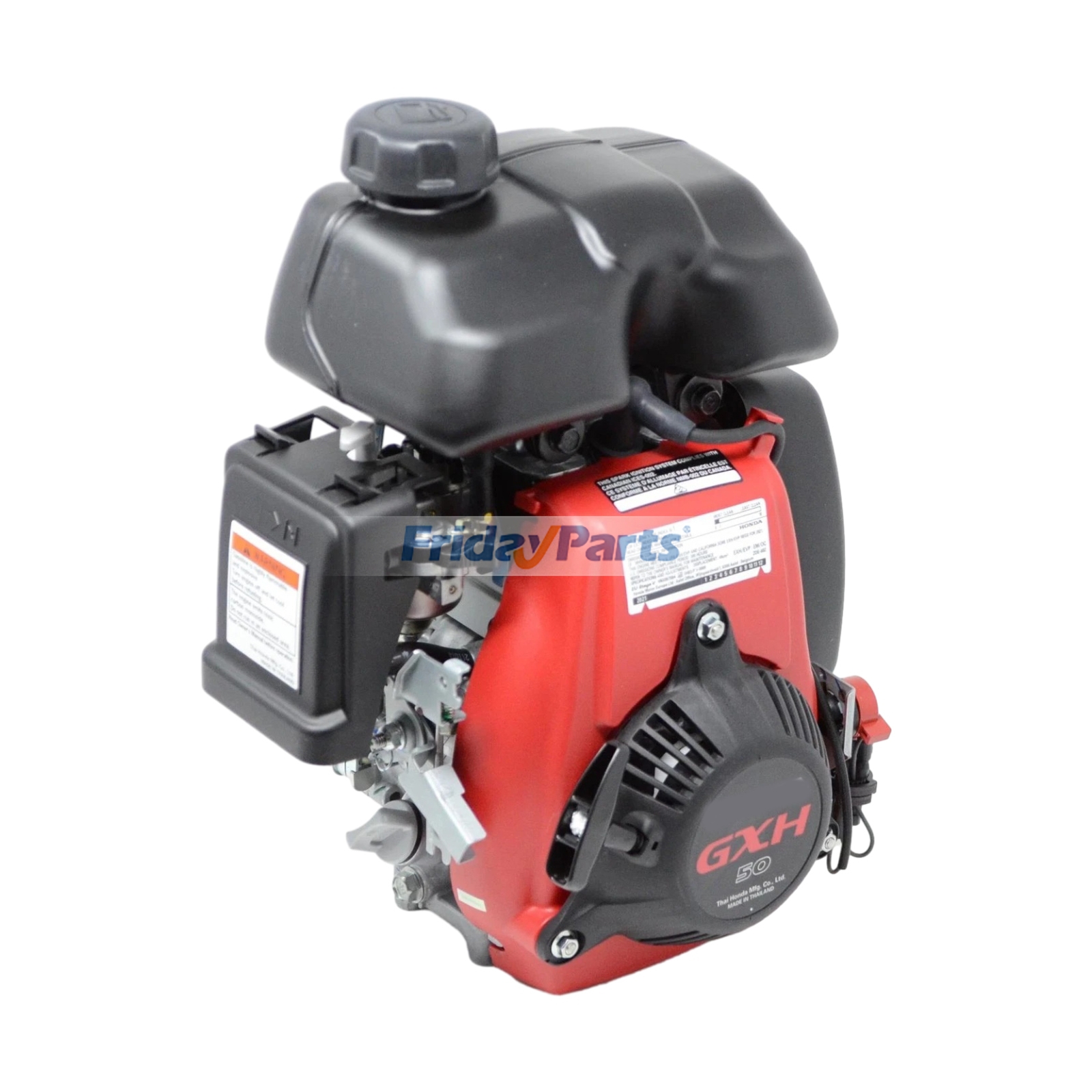 Horizontal Engine Assembly for Honda GXH50UTQXA GXH50 QXA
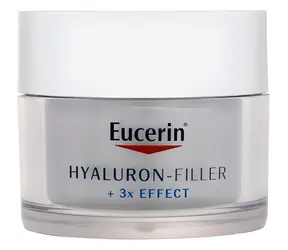 Eucerin Hyaluron-Filler + 3x Effect Denní pleťový krém 50 ml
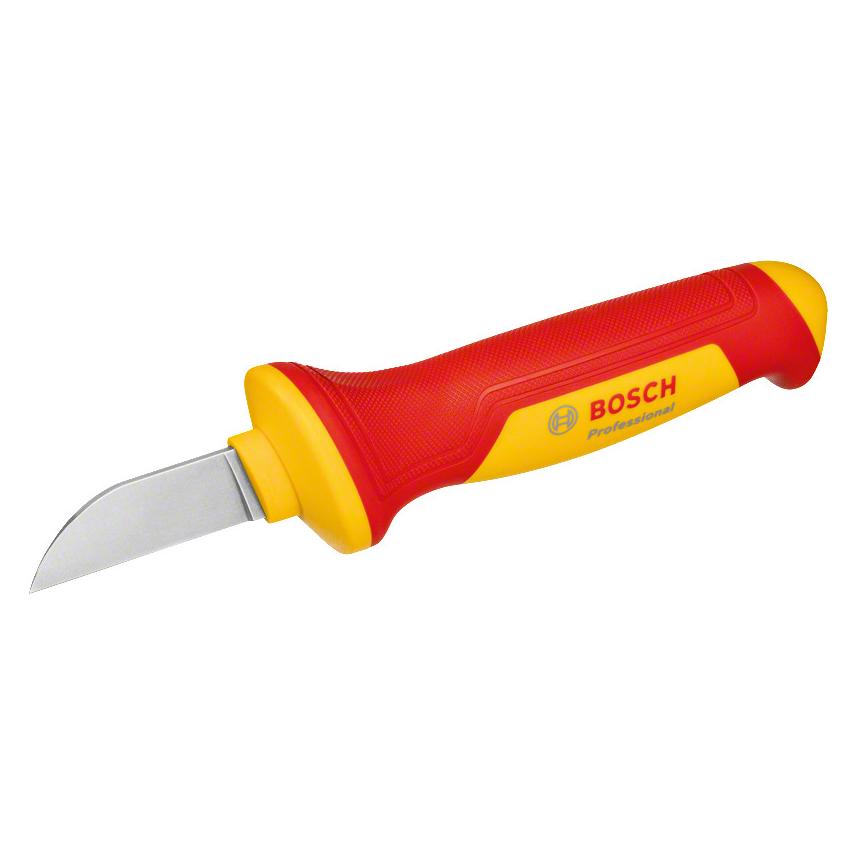 Bosch Professional VDE Kabelmesser (5.16 cm) (1600A02NF5)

**THE PROBLEM:** Only the pictures are to be dropped; return everything else in the listing exactly.

**TASK RESULT:**
 Horizontal Engine Assembly for Honda GXH50UTQXA GXH50 QXA
 Eucerin Hyaluron-Filler + 3x Effect Denní pleťový krém 50 ml
 Bosch Professional VDE Kabelmesser (5.16 cm) (1600A02NF5)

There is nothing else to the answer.